Goal of the exercise: Search the records for the string "Photo". Copy each line where it occurs.
——
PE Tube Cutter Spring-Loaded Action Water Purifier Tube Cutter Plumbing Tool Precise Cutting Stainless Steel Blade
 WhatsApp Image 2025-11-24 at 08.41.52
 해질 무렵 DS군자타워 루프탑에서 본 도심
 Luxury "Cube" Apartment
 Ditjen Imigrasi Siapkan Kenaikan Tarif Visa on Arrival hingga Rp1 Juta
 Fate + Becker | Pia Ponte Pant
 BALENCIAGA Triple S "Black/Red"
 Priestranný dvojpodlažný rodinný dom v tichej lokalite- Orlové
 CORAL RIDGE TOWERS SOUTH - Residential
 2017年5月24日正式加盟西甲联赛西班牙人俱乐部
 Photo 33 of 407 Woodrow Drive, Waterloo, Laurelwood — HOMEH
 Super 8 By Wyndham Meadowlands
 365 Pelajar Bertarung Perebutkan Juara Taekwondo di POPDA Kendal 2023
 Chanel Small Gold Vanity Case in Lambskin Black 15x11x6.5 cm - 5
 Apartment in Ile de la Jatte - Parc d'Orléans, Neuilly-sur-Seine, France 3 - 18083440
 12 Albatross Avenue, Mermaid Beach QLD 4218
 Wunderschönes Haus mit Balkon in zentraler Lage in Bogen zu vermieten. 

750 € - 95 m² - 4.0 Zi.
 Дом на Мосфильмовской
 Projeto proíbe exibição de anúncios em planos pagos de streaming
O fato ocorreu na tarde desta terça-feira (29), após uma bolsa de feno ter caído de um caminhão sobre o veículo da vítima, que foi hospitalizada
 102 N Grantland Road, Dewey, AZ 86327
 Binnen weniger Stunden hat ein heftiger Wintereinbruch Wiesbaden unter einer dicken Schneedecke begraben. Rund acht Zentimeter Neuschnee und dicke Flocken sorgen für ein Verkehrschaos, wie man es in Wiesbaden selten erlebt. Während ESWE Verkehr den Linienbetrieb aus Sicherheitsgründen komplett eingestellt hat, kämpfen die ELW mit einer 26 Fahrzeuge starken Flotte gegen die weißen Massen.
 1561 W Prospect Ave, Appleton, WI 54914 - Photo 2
——
Reply to the exercise:
 Photo 33 of 407 Woodrow Drive, Waterloo, Laurelwood — HOMEH
 1561 W Prospect Ave, Appleton, WI 54914 - Photo 2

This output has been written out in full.